Web page caption snippets:
=== Section Start ===

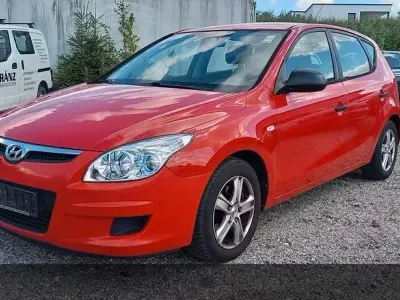 Gebraucht Hyundai i30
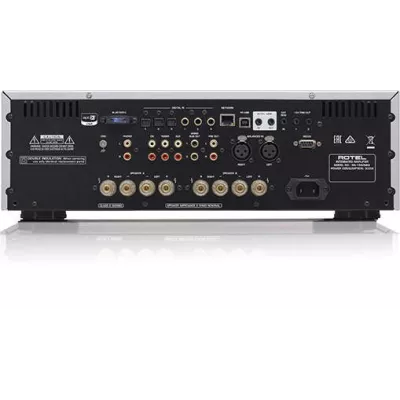 Rotel RA-1592 MKII à Genève | Digistore.ch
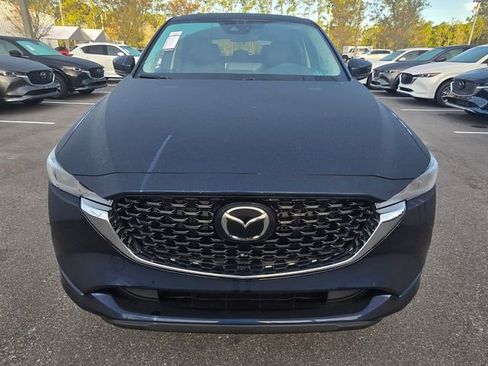 New 2025 MAZDA CX-5 AWD 2.5 S w/ Select Package image 19
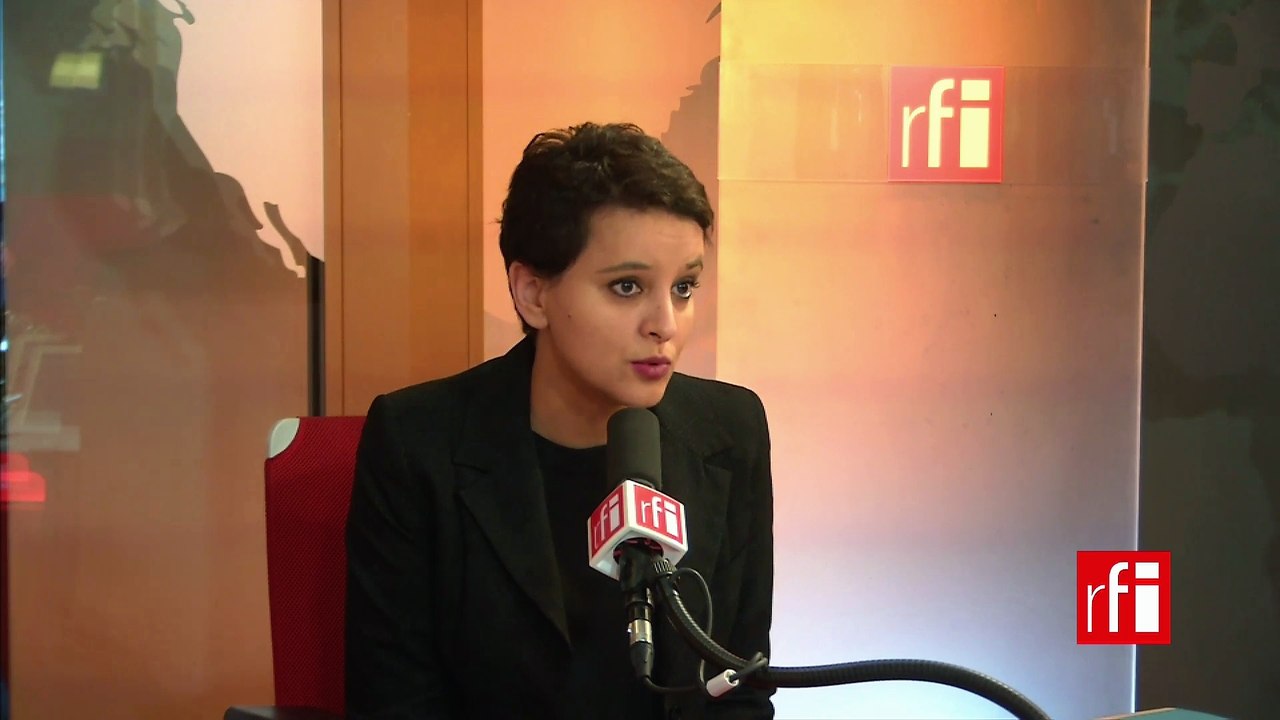 Prévenir la tentation de la radicalisation - Entretien sur RFI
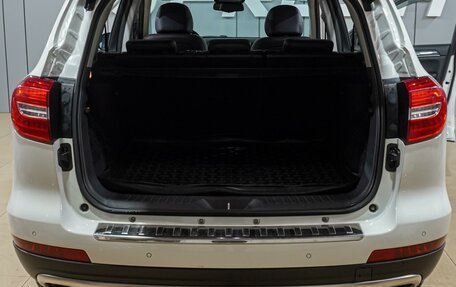 Haval H8, 2015 год, 1 399 000 рублей, 25 фотография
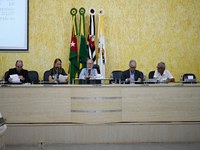 Câmara de Dracena aprova criação de 56 cargos efetivos no município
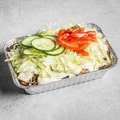 Kapsalon kipdöner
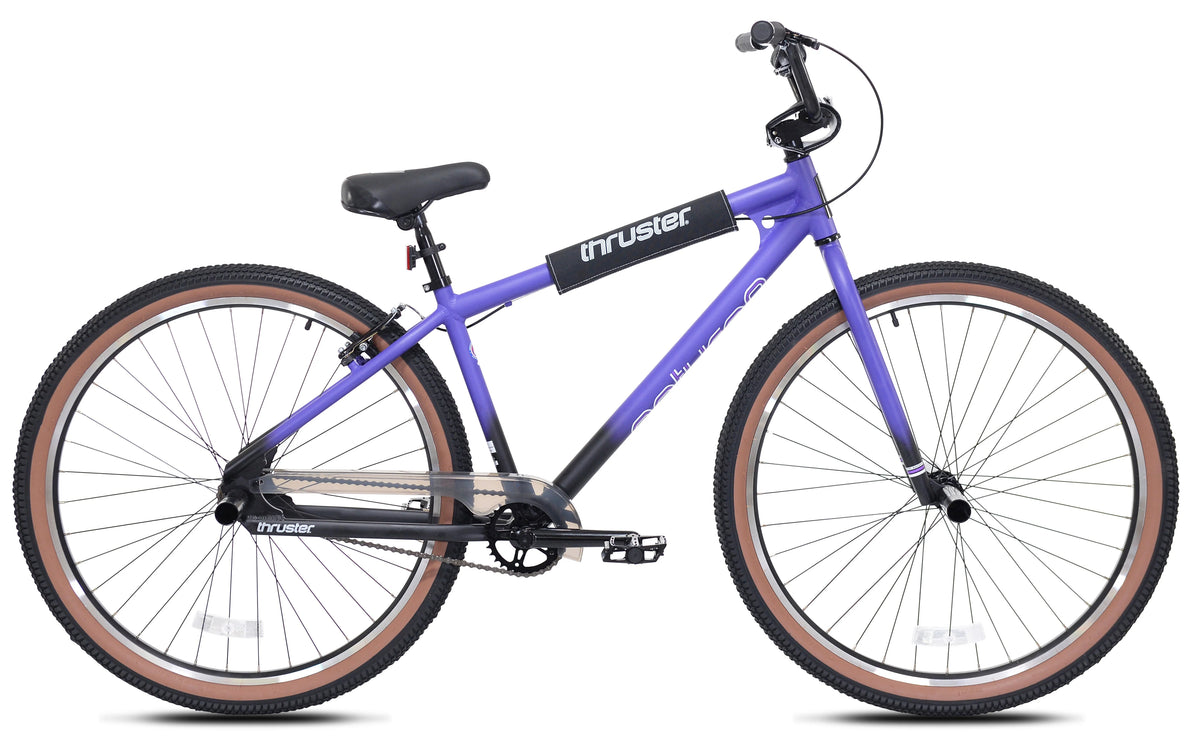 29" Black/Purple G47783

=== Section End ===

WHAT TO DO:
Please copy the data shown above, line by line and exactly, omitting the images.

EXPECTED OUTPUT:
 Gebraucht Hyundai i30
 Rotel RA-1592 MKII à Genève | Digistore.ch
 New 2025 MAZDA CX-5 AWD 2.5 S w/ Select Package image 19
 Prévenir la tentation de la radicalisation - Entretien sur RFI
 Haval H8, 2015 год, 1 399 000 рублей, 25 фотография
 Câmara de Dracena aprova criação de 56 cargos efetivos no município
 Kapsalon kipdöner
 29" Black/Purple G47783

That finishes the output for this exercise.